Doubtless.
Numerical methods are algorithms for approximating real terms
with only finite and bounded numerical resources.
Symbolic calculation quite most usually reduces the systems
to one simple plan, that then the plan is executed in numerical
methods, what for symbolic calculators to solve and arrive at
symbolic and their corresponding nearly/almost solutions in
acknowledgment for the conscience of their error terms.
The story goes that the first guy who proved (root two was irrational),
and, held to his conscience that it is so, was thrown from the boat
by Pythagoreans, where today we only refer to Pythagoras and the guy
from the boat. The Greek's "apeiron" in their time was anathematic to
reason, today it still is and and we have many much more complete
systems of definition where it's so washed away.

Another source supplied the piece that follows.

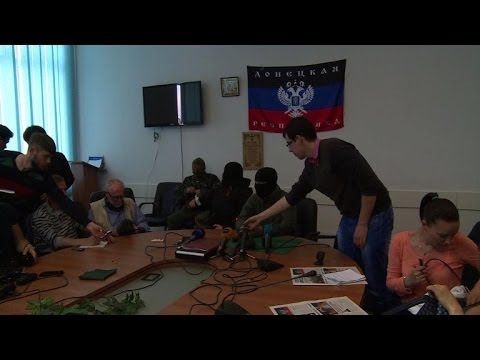 Ukraine: les membres de la Croix-Rouge des espions, selon des pro-russes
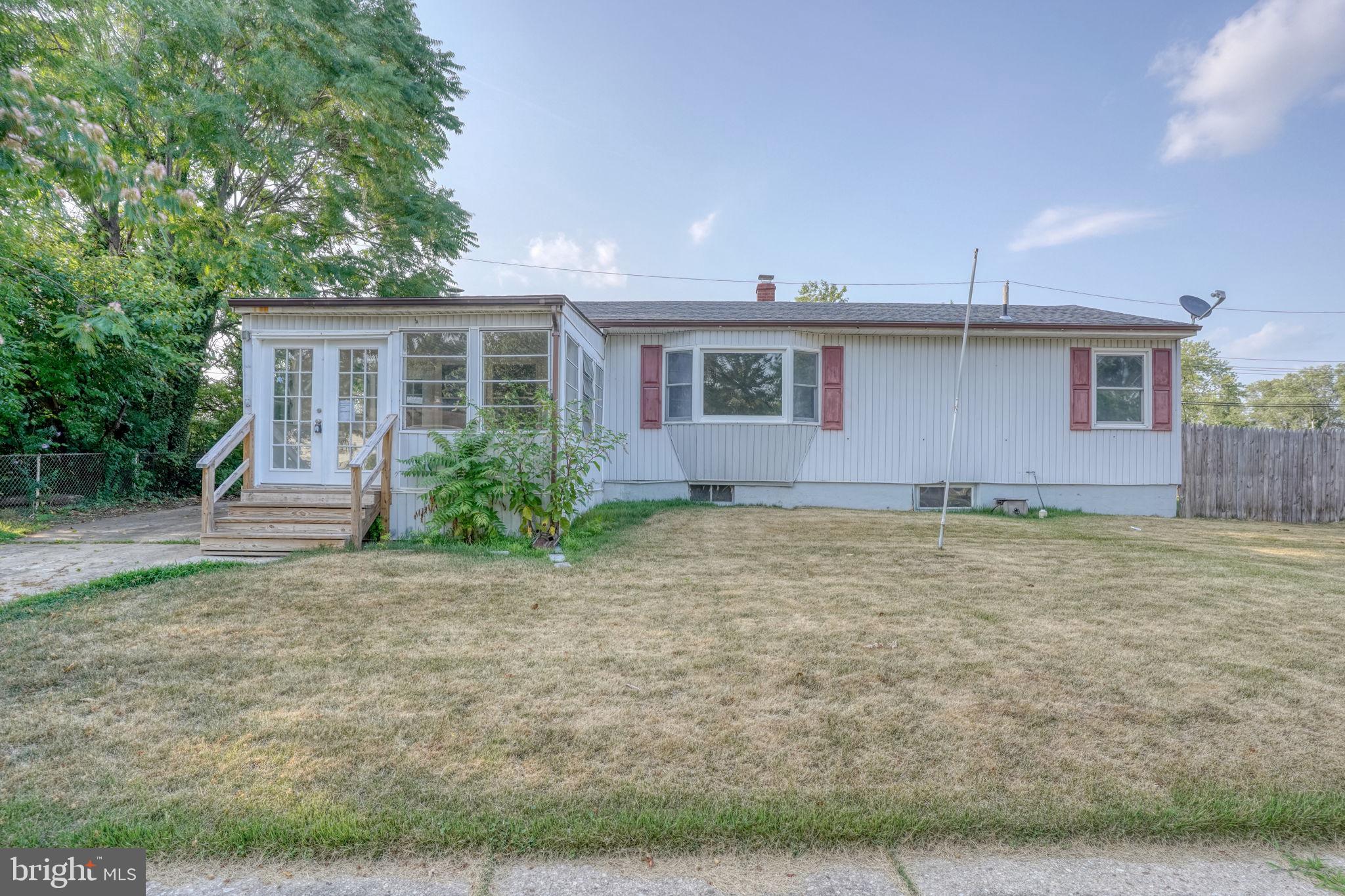 9 JOHN COLLINS CIRCLE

https://en.wikipedia.org/wiki/Hippasus
Following courtesy Wikipedia:
"Hippasus is sometimes credited with the discovery
of the existence of irrational numbers, following which
he was drowned at sea. Pythagoreans preached that
all numbers could be expressed as the ratio of integers,
and the discovery of irrational numbers is said to have
shocked them. However, the evidence linking the discovery
to Hippasus is confused. "
"Pappus merely says that the knowledge of irrational numbers
originated in the Pythagorean school, and that the member who
first divulged the secret perished by drowning. Iamblichus gives
a series of inconsistent reports. In one story he explains how a
Pythagorean was merely expelled for divulging the nature of the
irrational; but he then cites the legend of the Pythagorean who
drowned at sea for making known the construction of the regular
dodecahedron in the sphere. In another account he tells how it
was Hippasus who drowned at sea for betraying the construction
of the dodecahedron and taking credit for this construction himself;
but in another story this same punishment is meted out to the
Pythagorean who divulged knowledge of the irrational. Iamblichus
clearly states that the drowning at sea was a punishment from the gods
for impious behaviour. "
"Some scholars in the early 20th century credited Hippasus
with the discovery of the irrationality of √2. Plato in his Theaetetus,
describes how Theodorus of Cyrene (c. 400 BC) proved the irrationality
of √3, √5, etc. up to √17, which implies that an earlier mathematician
had already proved the irrationality of √2. Aristotle referred to the method
for a proof of the irrationality of √2, and a full proof along these same
lines is set out in the proposition interpolated at the end of Euclid's Book X,
which suggests that the proof was certainly ancient. The method is a proof
by contradiction, or reductio ad absurdum, which shows that, if the diagonal
of a square is assumed to be commensurable with the side, then the same
number must be both odd and even."
Finite numbers are each of course either odd or even and not both.